Caliper is a custom Scrapy webspider for crawling and reporting on website content and urls.
When given a starting url, Caliper will crawl all content on that site within the same domain and generate a report of the urls found, including the HTTP status code, last modified header, content type, content length, size, refering url, and a timestamp of when the page was accessed.
-
Recommended: create and activate a python 3.x virtual environment
-
Use pip to install required python dependencies:
pip install -r requirements.txt
To run the spider, call it with scrapy and specify the url for the site you want to crawl. Only links within the same domain (local urls or absolute) will be followed
Output format is automatically determined by the file extension (e.g. csv, json, and jl; see scrapy documentation for more details).
scrapy crawl caliper -a url=https://cdh.princeton.edu -o cdh-datetime-vXX.csv
When it finishes, caliper will report on any iframes found on the site (with the url where they were found) and any pages with error codes (with the code and the referring url).
Install development dependencies:
pip install -r requirements/dev.txt
If you plan to contribute to this repository, install the configured pre-commit hooks:
pre-commit install
This will add a pre-commit hook to automatically style your python code with `black and isort.

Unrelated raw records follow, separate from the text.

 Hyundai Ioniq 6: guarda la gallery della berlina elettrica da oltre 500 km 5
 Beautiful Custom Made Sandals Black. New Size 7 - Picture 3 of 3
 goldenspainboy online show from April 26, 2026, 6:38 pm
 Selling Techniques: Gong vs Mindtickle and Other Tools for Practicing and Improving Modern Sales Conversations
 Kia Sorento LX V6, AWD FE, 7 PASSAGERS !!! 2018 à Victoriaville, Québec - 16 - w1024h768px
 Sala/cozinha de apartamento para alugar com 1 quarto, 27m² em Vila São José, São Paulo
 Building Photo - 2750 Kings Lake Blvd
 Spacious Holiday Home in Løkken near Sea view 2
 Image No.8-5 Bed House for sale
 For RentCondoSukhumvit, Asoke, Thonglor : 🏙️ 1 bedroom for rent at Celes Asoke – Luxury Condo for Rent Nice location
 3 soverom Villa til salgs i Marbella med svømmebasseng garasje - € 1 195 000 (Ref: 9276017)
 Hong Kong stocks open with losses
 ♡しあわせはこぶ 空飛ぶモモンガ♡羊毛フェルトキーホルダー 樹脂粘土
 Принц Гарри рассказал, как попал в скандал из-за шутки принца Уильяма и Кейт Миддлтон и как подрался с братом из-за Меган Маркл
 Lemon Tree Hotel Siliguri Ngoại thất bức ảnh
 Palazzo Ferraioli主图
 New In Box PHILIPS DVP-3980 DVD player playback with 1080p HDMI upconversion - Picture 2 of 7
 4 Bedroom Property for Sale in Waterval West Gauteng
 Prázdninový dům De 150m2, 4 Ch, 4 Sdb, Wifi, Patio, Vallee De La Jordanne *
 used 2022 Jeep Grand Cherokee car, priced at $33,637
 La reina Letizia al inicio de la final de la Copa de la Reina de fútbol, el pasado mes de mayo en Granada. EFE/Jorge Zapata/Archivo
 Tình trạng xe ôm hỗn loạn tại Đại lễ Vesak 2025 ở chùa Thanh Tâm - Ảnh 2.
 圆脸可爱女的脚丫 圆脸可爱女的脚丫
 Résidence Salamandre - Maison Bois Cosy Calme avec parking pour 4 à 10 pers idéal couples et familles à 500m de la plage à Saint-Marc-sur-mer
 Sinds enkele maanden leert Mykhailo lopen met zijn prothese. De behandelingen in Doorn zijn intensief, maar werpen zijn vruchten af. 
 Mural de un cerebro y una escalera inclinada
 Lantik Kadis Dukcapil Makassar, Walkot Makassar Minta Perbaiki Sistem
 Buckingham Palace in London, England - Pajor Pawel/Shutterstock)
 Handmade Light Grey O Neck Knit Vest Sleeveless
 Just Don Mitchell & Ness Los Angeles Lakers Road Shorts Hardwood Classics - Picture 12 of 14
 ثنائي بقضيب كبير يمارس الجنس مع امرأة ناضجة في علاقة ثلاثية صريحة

Because these styling conventions were instituted after multiple releases of
development on this project, git blame
may not reflect the true author
of a given line. In order to see a more accurate git blame
execute the
following command::
git blame <FILE> --ignore-revs-file .git-blame-ignore-revs
Or configure your git to always ignore styling revision commits:
git config blame.ignoreRevsFile .git-blame-ignore-revs